*NEW* WONDER WOMAN REVIEW *NEW*

The best DC movie yet. But is that saying a lot?

Superhero movie of the year? Or overhyped drivel?

Gal Gadot, be still my beating heart.

Before she was Wonder Woman, she was Diana, princess of the Amazons, trained warrior. When a pilot (Chris Pine) crashes and tells of conflict in the outside world, Diana leaves home to fight a war, discovering her full powers and true destiny.

The only interesting character in Batman Vs Superman. Bearing in mind; I had no idea who she was or what she was actually doing (and why for that matter?)

Now we finally get some answers. Sort of.

The best DC movie outing but that doesn’t say much.

The opening origin story with young Diana was entertaining enough.
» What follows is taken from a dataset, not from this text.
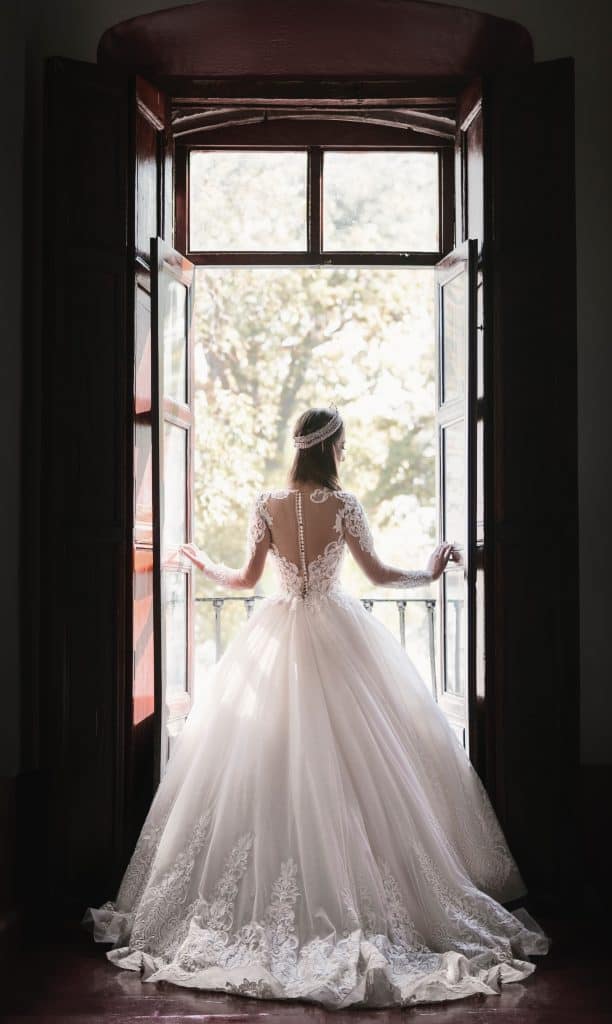 a woman in a wedding dress from behind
I never read the DC comics and knew only a little of the TV show with Lynda Carter. I don’t remember all this God stuff BUT the writers even managed to make the Lasso of Truth a believable (and lethal) weapon.

The 300 style training montage with the glorious Greek goddesses kept things ticking over as Diana defied her mother’s wishes by training to fight.

Robin Wright (House of Cards) and Connie Nielsen (Gladiator) were both underused as Diana’s sparring mother and aunt. One desperate to see Diana reach her potential, the other weary of it.

It was a little cheesy BUT it hit the spot as Diana grew stronger. The truth about her abilities rearing its ugly head just as a WW1 plane crashes into their safe haven. Opening a whole new world for our heroine.

The film was injected with the right balance of humour and heart. Something sorely missed in the other DC efforts . . . So far.

One particular highlight involving Diana, clad with sword and shield, strolling through a department store perplexed at the “battle” attire women wear.

The WW1 setting was a perfect focal point for our heroine. The film delicately handled sexism and politics quite well as Diana demanded to know why women couldn’t fight, vote or speak.

Not bad for a superhero movie.

The 3D was disappointing and hardly worth the ticket price BUT the special effects and action pieces were superb.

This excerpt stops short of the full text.